The Tulsa Race Massacre was notoriously forgotten in Oklahoma history classes for decades. But as the 100th anniversary of the tragedy approaches, it is still important to keep this memory alive in public schools.
George Monroe remembered parts of the Tulsa Race Massacre until the end of his life.
The images could never escape his memory.
“I remember watching people get shot,” he said in a 1999 oral story.
In this oral tradition, collected by the Tulsa Race Riot Commission for their 2001 report, Monroe vividly remembers his mother telling her four children to hide under a bed when a group of white men walked their house approached.
“My sister grabbed me and pulled me down there,” he said. “And while I was under the bed, one of the guys passed me and stepped on my finger. And just as I was about to scream, my sister put her hand over my mouth so I couldn’t be heard. “
Monroe, who died in 2001, was a survivor of one of the most tragic racial massacres in American history. Officially, 37 blacks were killed, but contemporary estimates put it as high as 300 deaths. In addition, 35 blocks of black property were destroyed in the tragedy sparked by an unproven accusation by an elevator operator that she was attacked by a black man.
Monroe was only 5 years old during the massacre. And for much of his life, his story was unheard of by many Oklahomans.
Oklahoma educators try to deepen stories like his so that the Tulsa Race massacre is not forgotten. And now, 100 years later, educators are taking the time to make sure they are learning the lessons that people must learn from the massacre.

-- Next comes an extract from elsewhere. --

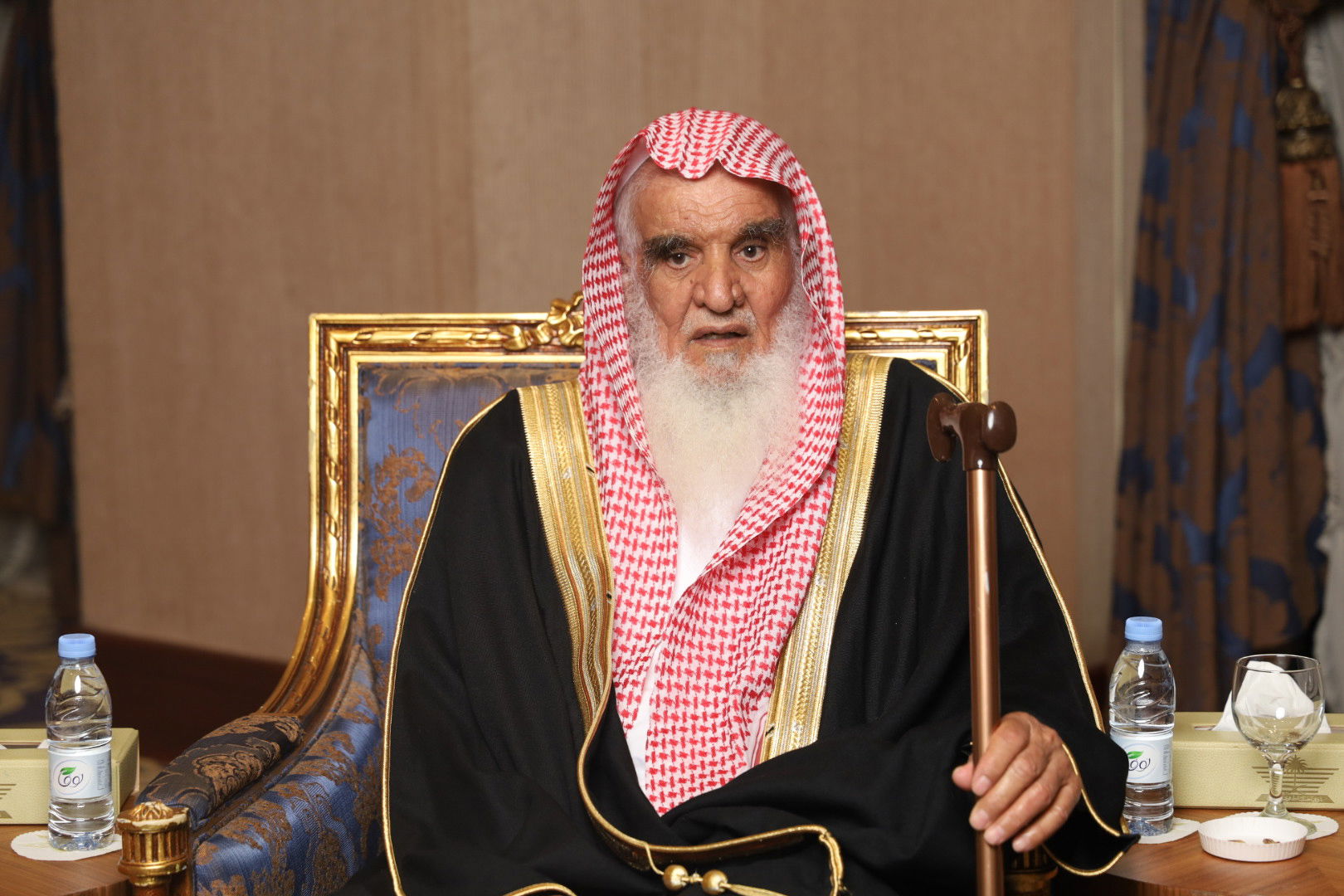 زواج(فهد بن خالد الماجد)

“There is a lot of thought to be done about presenting this material and very careful work,” said Crystal Patrick, a teacher in the Tulsa area.
I remember the story
In the last few decades there has been a mountain of works that look back on the massacre. People can find it in places like the Tulsa Race Riot Commission report, journalistic work from outlets like Tulsa World, and depictions in popular culture like the HBO series Watchmen.
However, the heads of state have slowly focused on the classroom.

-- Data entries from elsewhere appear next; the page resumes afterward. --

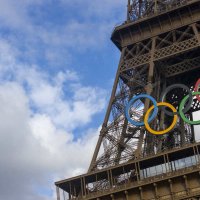 JO 2024 : La France battra-t-elle son record de 43 médailles ?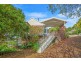 10 Barnhill Road, Terrigal NSW 2260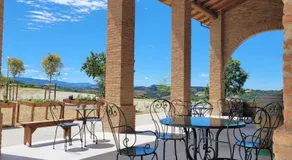 La Sarmassa - Image 4
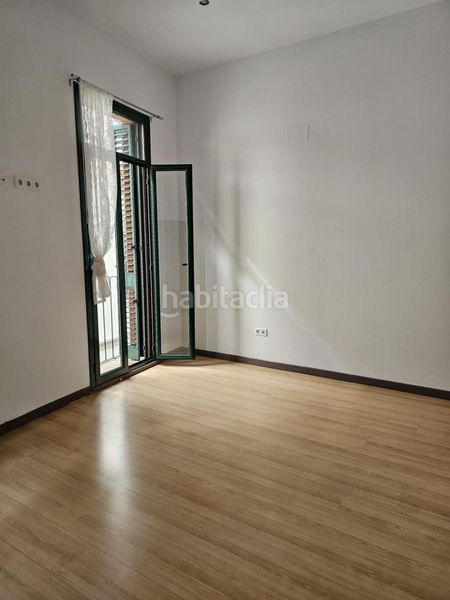 Foto 1d6bf724-139c-4eed-843e-452e73d0917f. Chalet en Nucli Urbà Esparreguera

“I think schools in Oklahoma play an essential role in keeping this story known and understandable,” said Joy Hofmeister, superintendent of state public schools.

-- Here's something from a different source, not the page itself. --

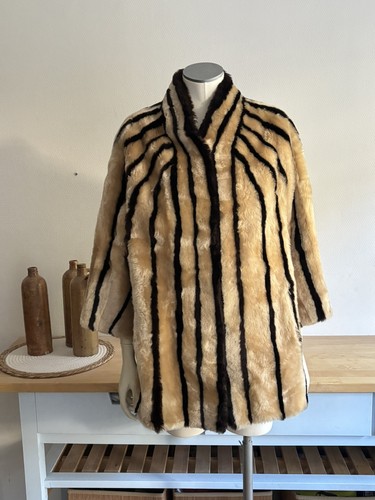 Vintage pierre cardin paris - pierre,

Hofmeister attended middle and high school in Tulsa. And she had never heard of the massacre until she was an adult.
This ignorance of the event is unacceptable for students who are due today, said Hofmeister.
“We believe we must make an important contribution to capturing, understanding and recognizing the horrors of the city of Tulsa and the history of our state,” said Hofmeister.
It is particularly common among white Oklahomans that adult Oklahomans have never heard of the massacre.
But Patrick, who is Black, said even though she grew up in Tulsa and attended Tulsa Public Schools, she didn’t hear about the racial massacre until she was in college in the late 1990s.
Further learning the history led her to teach social studies and history. However, resources were lacking for much of her career.
“To be honest, right now it’s really up to the teachers to teach him,” said Patrick.
Syllabus on the massacre
The improvements have been made incremental, the state framework has grown over the years, and the history of the Greenwood district where the massacre took place continues to be added in stages. The antiquated term “Tulsa Race Riot” has also been largely replaced.
Curriculum makers want to give teachers the tools they need to actually teach about the massacre. Tulsa Public Schools have been leaders in translating the massacre and its impact on Oklahoma classrooms.
“We have adopted what they have been doing for a number of years and then examined how we can do this at the state level,” said Hofmeister.
However, one of the most significant changes is professional development, which is focused on teaching about the massacre.
This summer, the district hosted a multi-day workshop for social science teachers through Zoom. It was attended by educators from across Oklahoma and the country.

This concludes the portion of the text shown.